O Presidente da República voltou a mostrar, esta semana, a sua preocupação em relação à qualidade das obras de construção das nossas infraestruturas públicas. Convém recordar que este não é um assunto novo e nem sequer é assunto apenas desta governação. Este assunto já tem barbas brancas e vem sendo falado desde há muito tempo, tendo passado por diversas etapas.
Durante anos, umas das etapas que atravessou a construção das obras públicas foi o abandono. Um pouco por todo o lado no país, viam-se obras inacabadas, não concluídas, sobretudo escolas e hospitais. O Estado, que é o dono dessas obras, através dos diferentes directores provinciais, chorava para localizar os empreiteiros, que os fitavam e não apareciam. O dinheiro? Eles já o haviam recebido na totalidade, sem muito esforço, no momento da deslocação dos equipamentos para iniciar a construção e já o haviam dividido na rede de corrupção.

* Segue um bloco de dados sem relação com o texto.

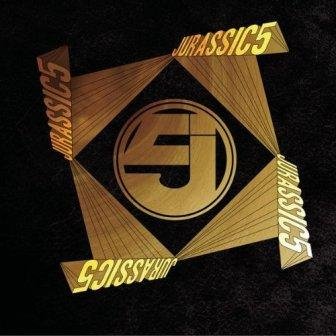 J5 Deluxe Re-Issue Jurassic 5
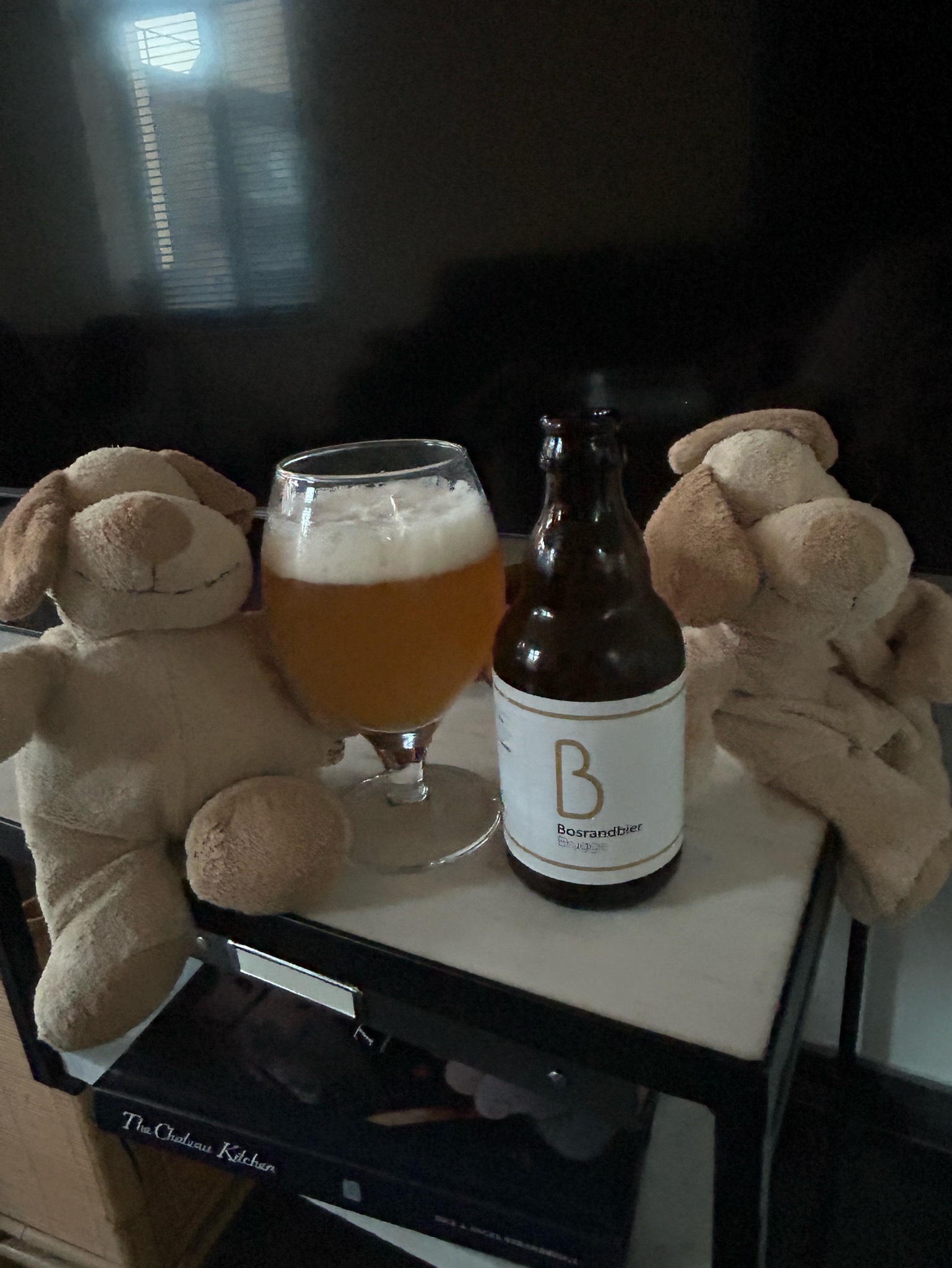 Bosrandbier, Fort Lapin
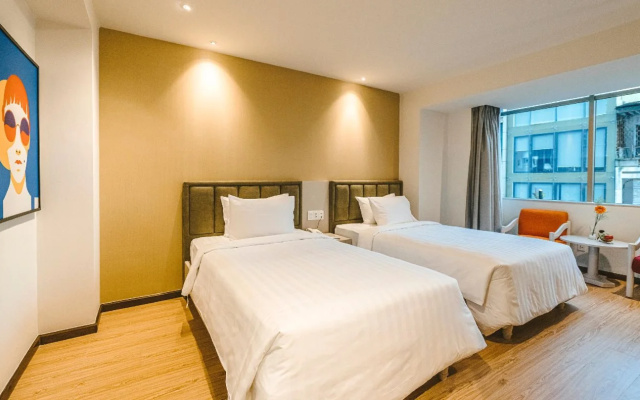 A25 Premium Hotel - 55 Le Anh Xuan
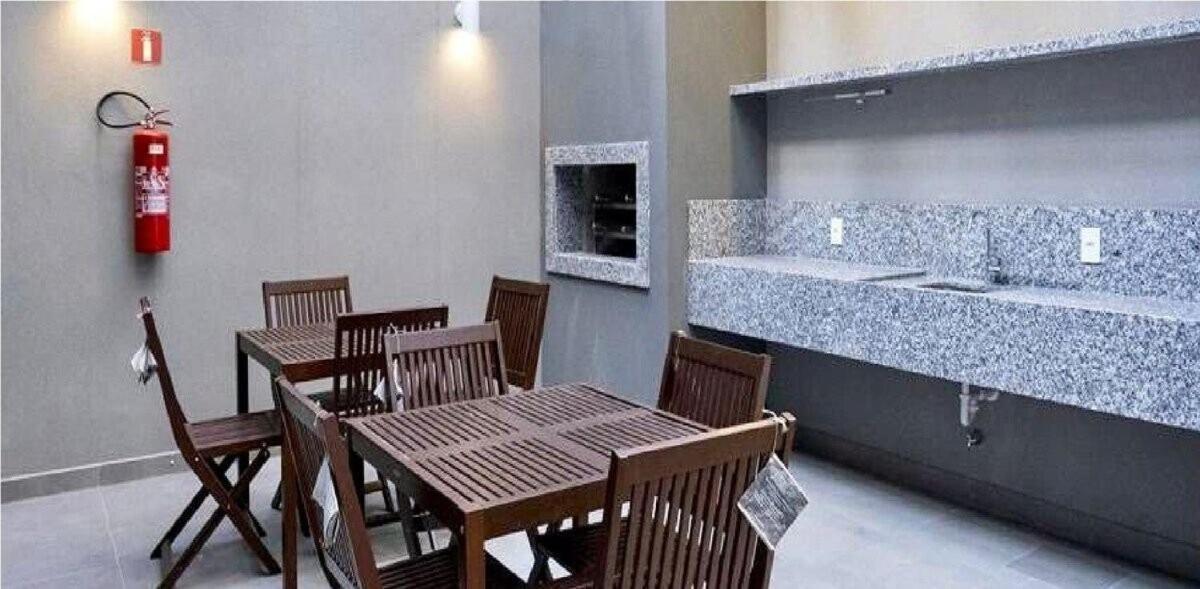 Ap Com Ar Condicionado, A 100 Passos Do Metro Bras Apartamento São Paulo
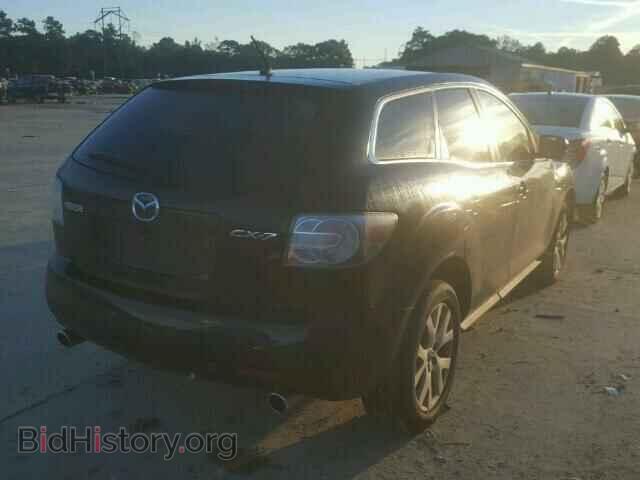 2008 MAZDA CX-7 - VIN: JM3ER293180183173 - Фото 4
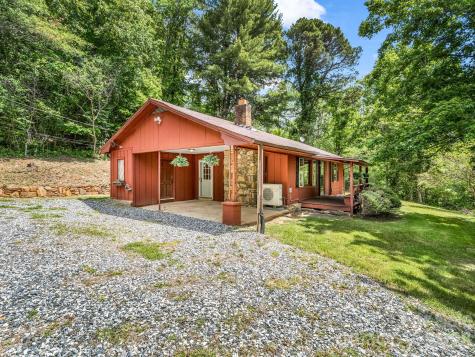 1395 Tillery Branch Road Marshall NC 28753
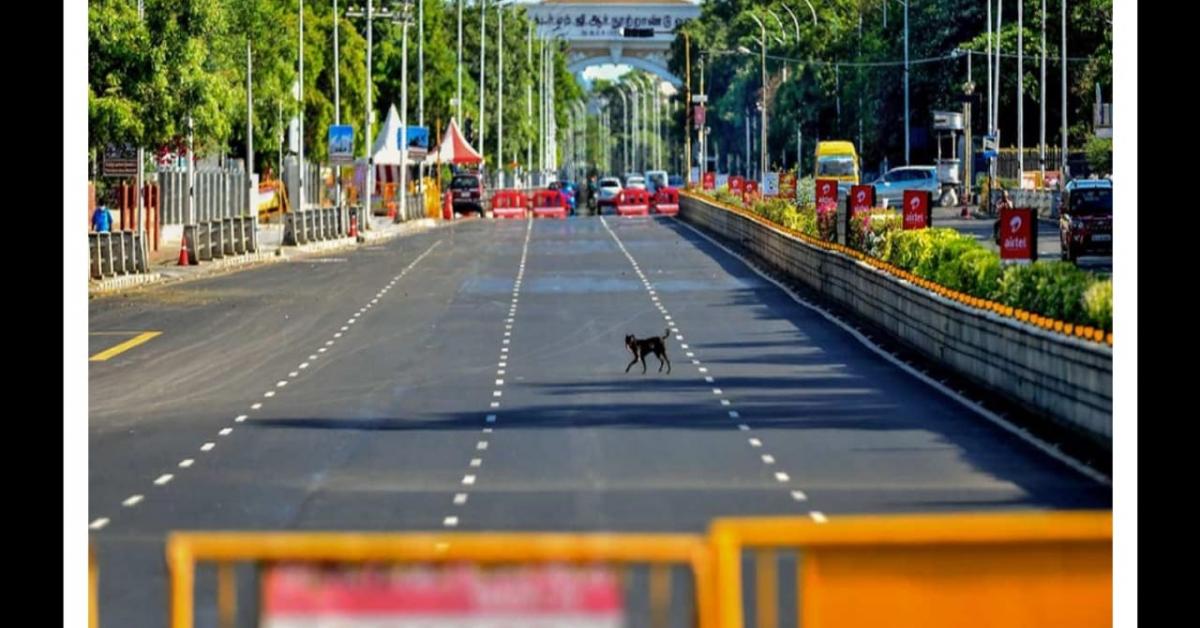 ক'ভিডৰ ভয়াৱহ সংক্ৰমণৰ প্ৰতি লক্ষ্য ৰাখি বৃদ্ধি কৰা হ'ল লকডাউন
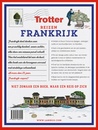 Reisgids Trotter Reizen Frankrijk | Lannoo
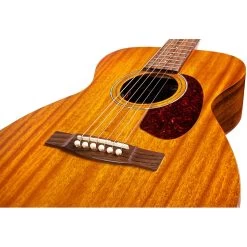 Guild Westerly Collection M120 Acoustic Guitar, Concert, Soft Case - Nat 11 Guild Westerly Collection M120 Acoustic Guitar, Concert, Soft Case - Nat -Musical Instrument Shop guild m120 nat 4
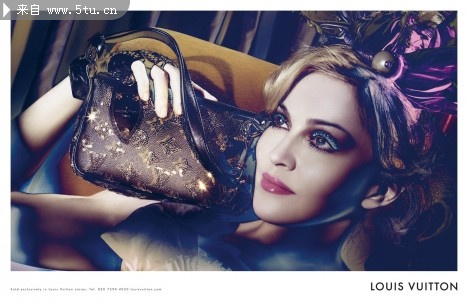 我在国外网站上收集到的奢侈品广告和图片 - 平
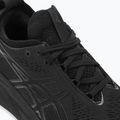 ASICS Gel-Nimbus 25 мъжки обувки за бягане черно/черно 8
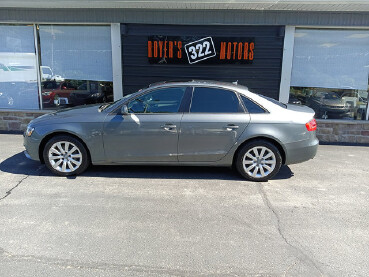 2014 Audi A4 in DuBois, PA 15801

Até que se tomou a medida de cadastrá-los para saber quem são efectivamente os nossos empreiteiros. Depois lhes disseram que se abandonas uma outra, por exemplo, em Chinginguir, em Inhambane, não vais conseguir a adjudicação de uma outra obra em Chiconono, no Niassa. Essas medidas retraíram bastante este modus operando dos nossos empreiteiros.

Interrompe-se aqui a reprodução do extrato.